Savajibhai Ukabhai Zinjuvadiya: Champion for the Salt Farmers of Little Rann of Kutch

This month, CITE and the Self Employed Women’s Association are kicking off a pilot to measure the performance of solar panels used in solar pump systems. The pilot is an extension of the CITE evaluation of solar pumps that began in 2015, and will further inform our evaluation study available later this summer. In the following blog, you’ll meet Savajibhai Ukabhai Zinjuvadiya, a local guide for the Self Employed Women’s Association who uses his decades of experience in salt production to support the salt farmers in Little Rann of Kutch.

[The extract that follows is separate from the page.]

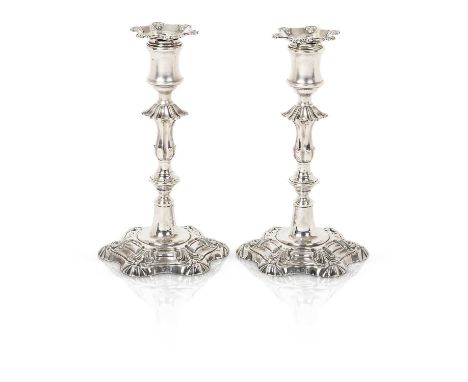 each in the George II style, with hexafoil base with shell corners, the knopped stems terminate in spool-shaped sockets with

Kicking off our pilot, the first task was to install sensors to measure the power and performance of solar panels used by the Agariya(salt farmers) of the Little Rann of Kutch outside of Ahmedabad, India. The salt farmers use these panels to harness the power of the sun, pumping groundwater to subsequently evaporate it and obtain white, regular crystals of table salt that they sell to make a living for their families.
We were fortunate to have a knowledgeable local guide, Savajibhai Ukabhai Zinjuvadiya, helping us navigate through the dry, unwelcoming plains of the salt marshes to reach the salt farmers.

Savajibhai’s role extends much beyond just being a navigator working for the Self Employed Women’s Association (SEWA). Observing his animated discussions with the locals followed by quick, sure actions to troubleshoot minor pump failures reveals that he knows a lot about the salt panning trade.The salt farmers trust and admire him as he helps prevent loss of production by supporting them to promptly resolve routine technical issues. 
After the last couple of sensors are installed, we are ready to call it a day. Savajibhai invites us over to his house to have some tea. So here we are, sitting in the shade of the porch with a cup of tea in hand, eager to get to know more about the history standing behind our slightly mysterious guide.
He began his work in salt panning at the age of 18. The years Savajibhai spent producing salt taught him all the skills necessary, making him an insider who understands the associated challenges and toil. 

Back in the 1980s, Savajibhai was offered a role at a local salt cooperative to handle the receipt book for salt truck transactions. In the subsequent years, he was promoted as book keeper. This gave him opportunity to travel through salt marshes,establishing a network with fellow salt workers and getting to know the local topography.

In 1997, the salt cooperative discontinued its operations, leaving him no other choice than to come back to being a salt-panner himself.It was not for long though. During that span, Central Salt and Marine Chemicals Research Institute employed him to monitor an experiment regarding effects of magnesium and calcium present in the product. In his new role, Savajibhai learned that to produce good quality salt, it is essential to maintain proportion of magnesium and calcium ions. Considering Savajibhai’s experience, traditional wisdom, and indigenous knowledge on salt production, SEWA created a role for him to work with the local community just a few years later. Today,Savajibhai helps install and maintain solar panels used by communities where SEWA works. 

This year, SEWA hopes to install over 650 new solar pumps with Savajibhai’s support. Such an ambitious project has not come without challenges. 
This season, the local company that installs the solar panels associated with the pumps was backlogged with work, so Savajibhai pitched in, providing his support to have the panels installed more quickly, and proposing that the company create a manual in the local language so that salt farmers can actually learn to install the panels themselves. 

Additionally, farmers have been experiencing a frequent breakage of the oil seal in the new pumps provided by the pump supplier, FALCON, due to corrosion from the salt brine. The company is working to improve pump design so that this seal last for a longer period of time. Savajibhai showed us that, at the bottom of the pump,sand adversely affects the oil seals and foot valves, leading to the pumps to stop working properly over time. 
Drawing attention to challenge, Savajibhai shared that in an older system, the system would give signals to the user when sand particles entered the pump so that the user could address the problem. However, in the new design of the technology, workers are not getting such signals. To address this, Savajibhai suggests that there is a need to establish a proper repair and maintenance system in the local markets so farmers need not to rely solely upon company. 

SEWA is blessed to have a dedicated worker like Savajibhai on its team.He is a comprehensive knowledge source of the salt production process and its business. People trust his words and believe in his approach. He keeps dreaming to improve salt pan workers’ lives, and welcomes the business of companies who can create easy-to-use and approachable solar pump solutions for the salt farmers of Little Rann of Kutch.